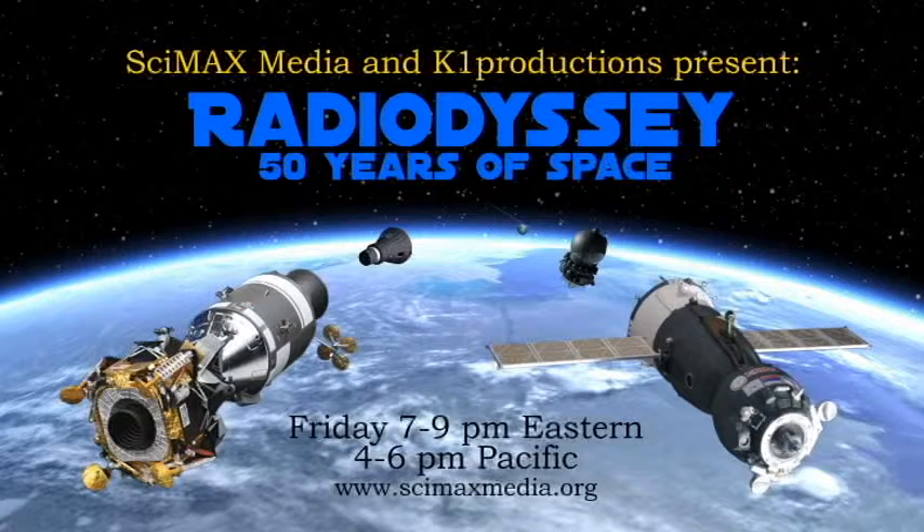In 1981, NASA returned to space for the first time in six years, beginning the lifespan of what would become the very symbol of spaceflight for decades to come: the Space Shuttle.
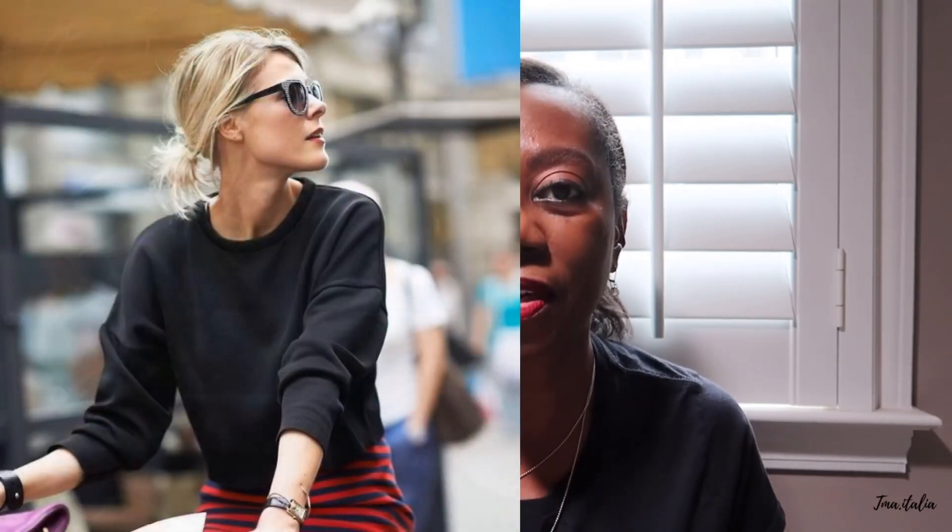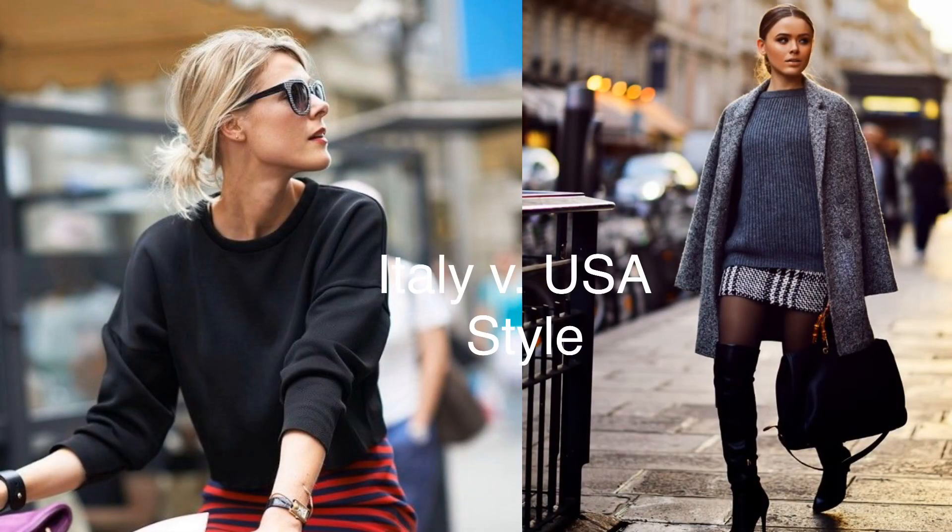Hey guys, it's Teresa and welcome back to my channel. I hope everyone is doing well and that you are safe. Today I wanted to do a fun, different type of video for my channel. I'm going to be talking about Italian fashion versus USA style differences.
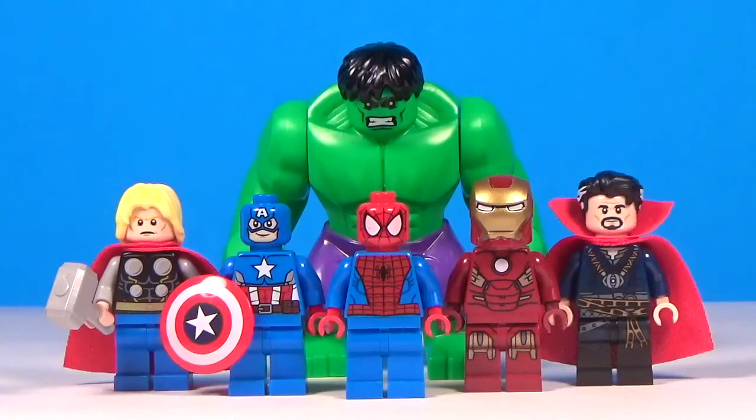What's going on everybody? It's me, Heroic Brick Studios, and I am back with another top 10 Lego minifigures video for you guys. The last top 10 video I did was the top 10 Lego Marvel villains, so today I wanted to do the top 10 Lego Marvel heroes.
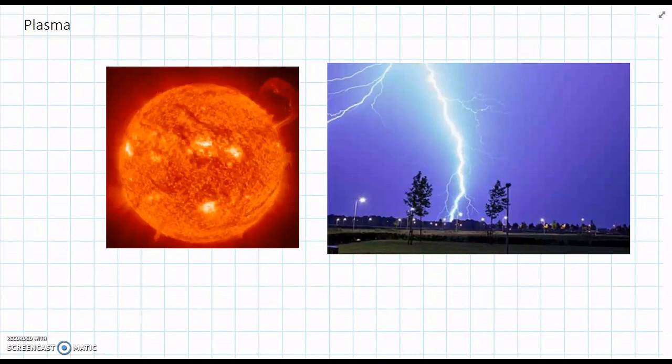So earlier, we've learned that there are three main states of matter. We have solids, liquids, and gases.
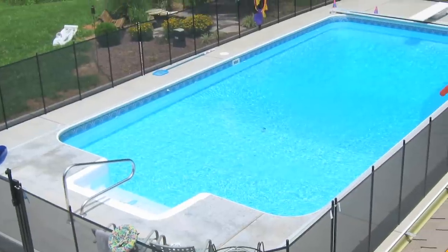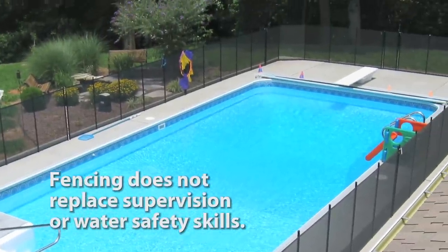A fence is the guardian that's always vigilant, but it doesn't replace supervision and water safety skills.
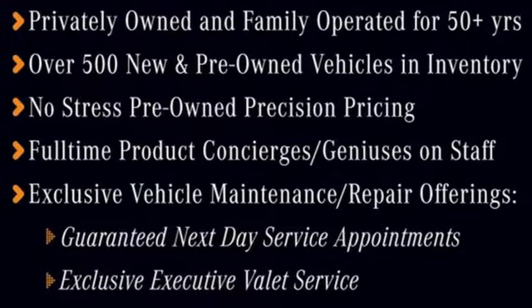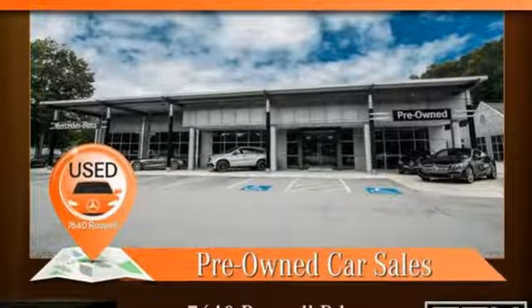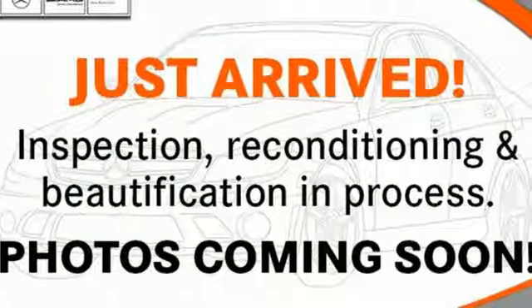V6 engine, express open and close sliding and tilting sunroof, gas pressurized shocks, and automatic transmission.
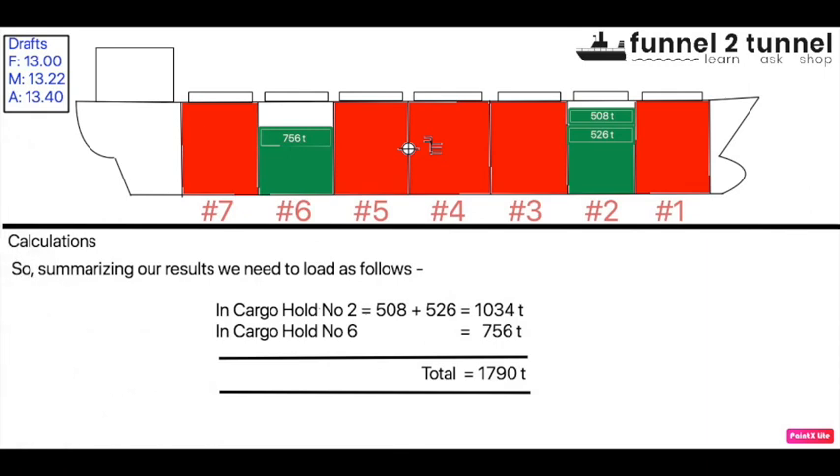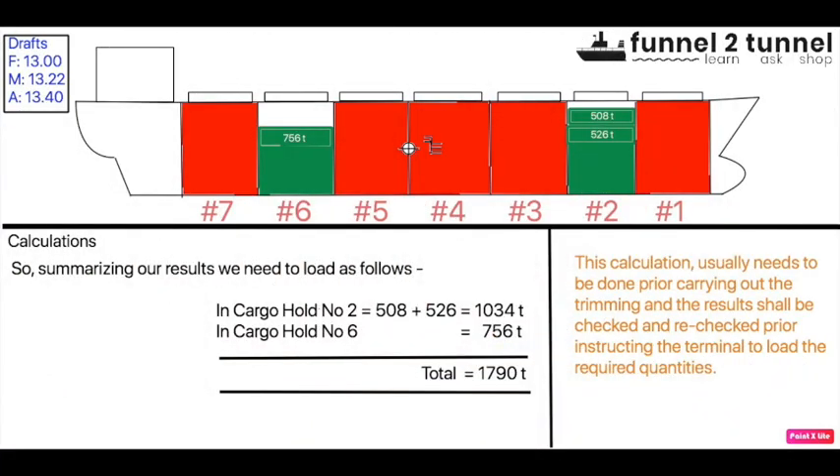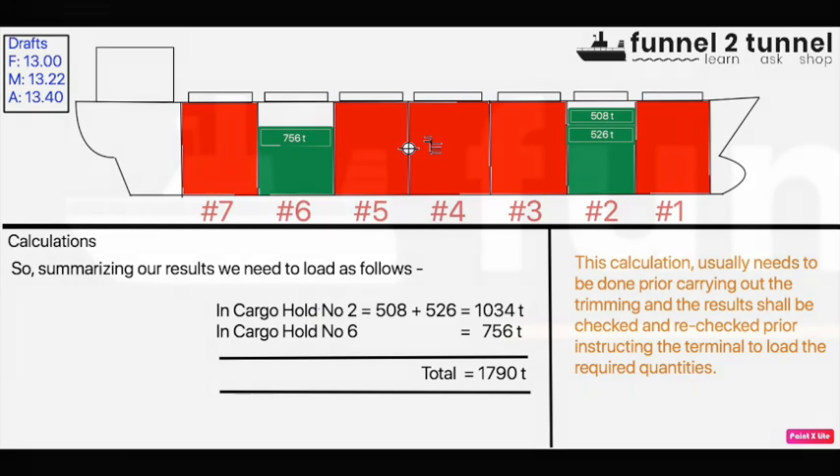In summary: 526 tons are loaded in hold two to bring the ship to even keel; then 508 tons in hold two and 756 tons in hold six to reach the summer draft — totaling 1790 tons. These are the figures to give to the shore terminal for final trimming. Pay close attention during loading to ensure the ship is not sagging too much. If you want a free copy of a trimming software in the form of an Excel sheet, subscribe at ask@funnel2tunnel.com.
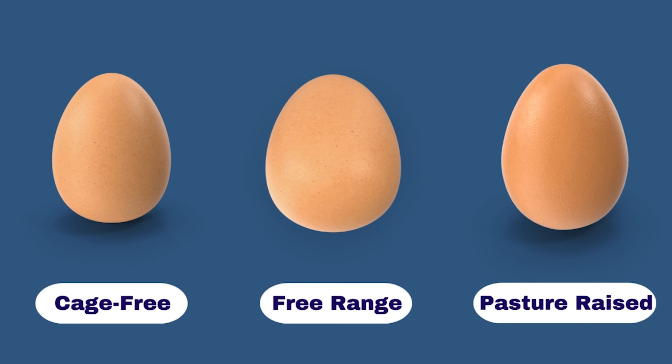Many of us might assume that cage-free hens offer outdoor access based on the term cage-free. This misconception can lead to disappointment because cage-free hens typically don't have outdoor access. These hens are housed in indoor environments that offer more room for movement, spreading their wings, perching, and laying their eggs in a nesting area. But they don't enjoy the benefits of the outdoors.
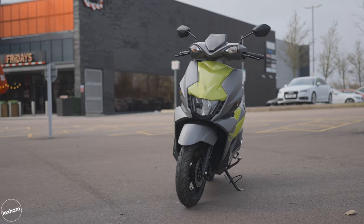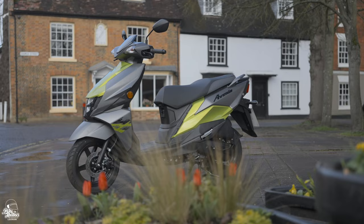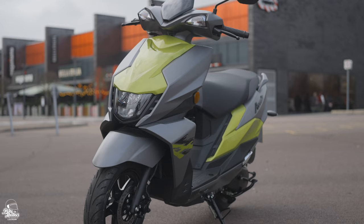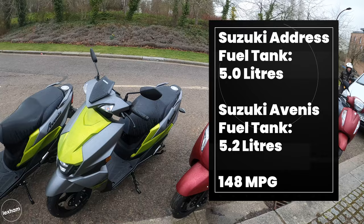8.6 horsepower isn't a lot even for a 125cc scooter, where the limit is about 14.7 horsepower for a CBT-friendly 125. However, how it's been designed, it is sprightly up to 40-50 miles an hour. Fuel economy is about 148 miles per gallon, meaning the 5.2-litre tank can go up to around 160-170 miles on a full tank, which is pretty impressive.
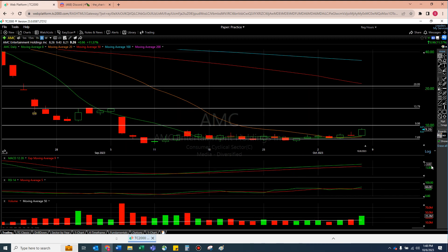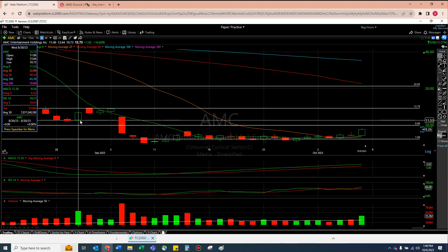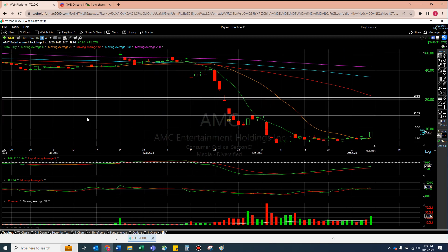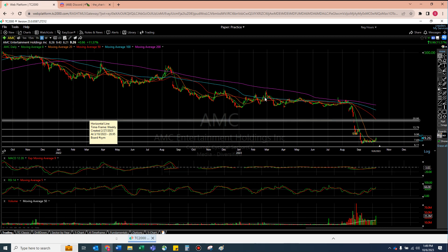I obviously wish the MACD was a little more positive. We are definitely in a negative — negative three doesn't sound that bad, but negative anything is not that great. I think getting to this $10 line is still very realistic. I don't know if we'll get over $11.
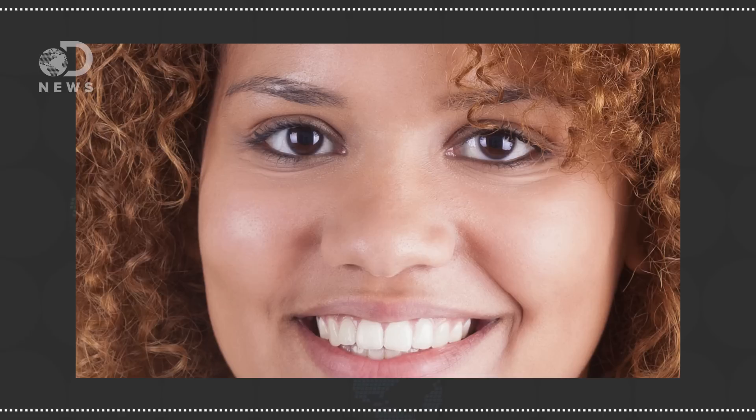Whereas the fusiform face area seems to configure these parts to help us figure out if it's a face or just some lonely Mr. Potato part left over from your little cousin's play session.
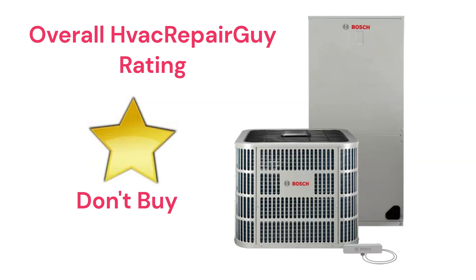Please share your thoughts and experiences with this brand in the comments section of the HVAC Repair Guy YouTube channel. Thanks for watching and God bless.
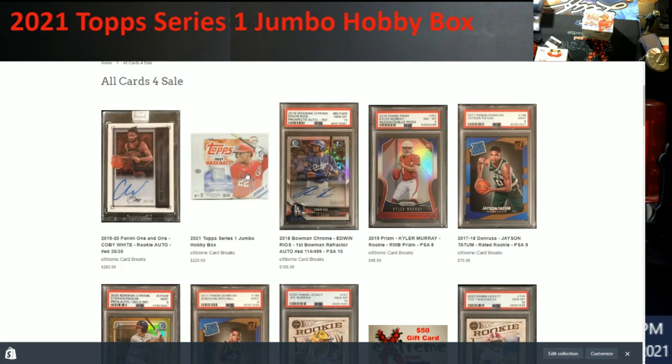I will see everybody live tonight for the giveaway from the Finest Flashbacks box at 8 p.m. Eastern. If you can make it, I appreciate it; if not, completely understand — it's a weekday. If you're one of the lucky ones to grab these boxes, congrats — I hope you pull something big. If you do, always let me know. Take care, have a safe week, and I'll see y'all tonight if you're able to be live.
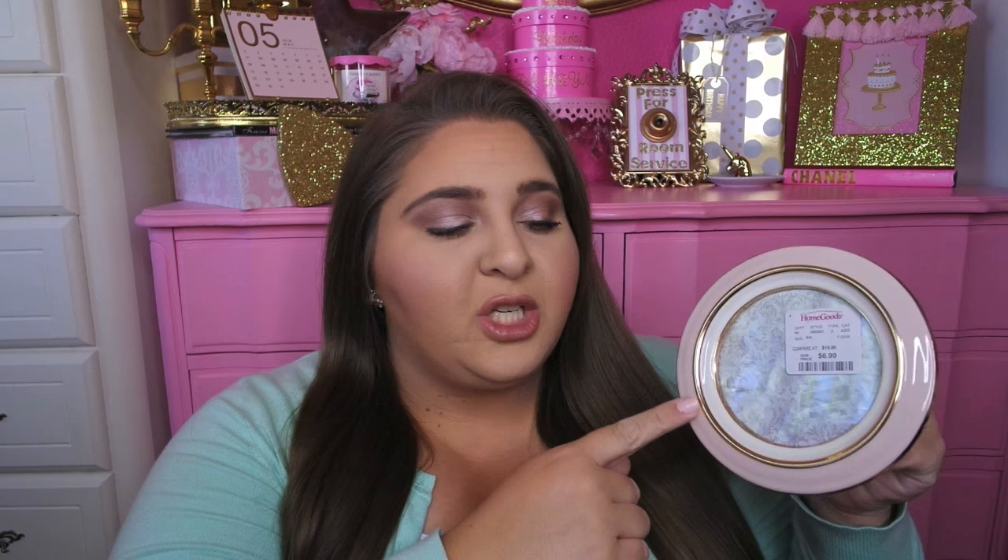I've been buying frames for a future gallery wall, and I found this one from HomeGoods for $6.99. It's small but mighty — a circular frame, four by four inches, with a really beautiful light pink shade, gold trim, and a creamy white color inside with gold on the interior as well. I thought it was so fun and beautiful and would look really cute with all my other frames.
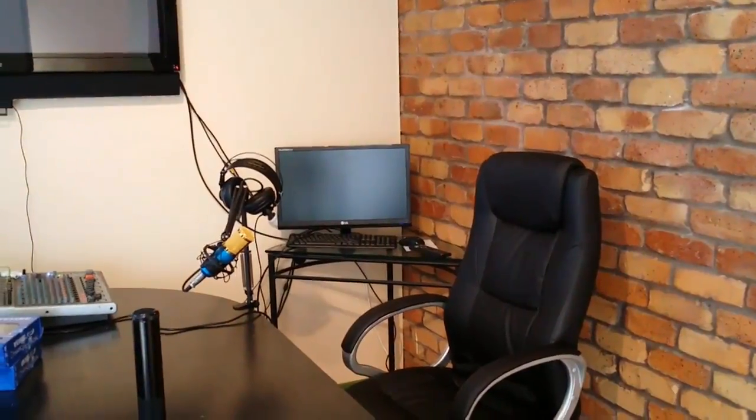I've got some other ducting to hide all those wires at the back there. I'm also putting another screen up on the wall so the people sitting here can see what's happening on the podcast or webinar.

• PROBLEM: Lines from the one above containing "So earlier, we've" down to the one containing "Many of us might" should be transcribed exactly, with both ends kept and no pictures.

• WRITTEN ANSWER:
So earlier, we've learned that there are three main states of matter. We have solids, liquids, and gases.
A fence is the guardian that's always vigilant, but it doesn't replace supervision and water safety skills.
V6 engine, express open and close sliding and tilting sunroof, gas pressurized shocks, and automatic transmission.
In summary: 526 tons are loaded in hold two to bring the ship to even keel; then 508 tons in hold two and 756 tons in hold six to reach the summer draft — totaling 1790 tons. These are the figures to give to the shore terminal for final trimming. Pay close attention during loading to ensure the ship is not sagging too much. If you want a free copy of a trimming software in the form of an Excel sheet, subscribe at ask@funnel2tunnel.com.
Many of us might assume that cage-free hens offer outdoor access based on the term cage-free. This misconception can lead to disappointment because cage-free hens typically don't have outdoor access. These hens are housed in indoor environments that offer more room for movement, spreading their wings, perching, and laying their eggs in a nesting area. But they don't enjoy the benefits of the outdoors.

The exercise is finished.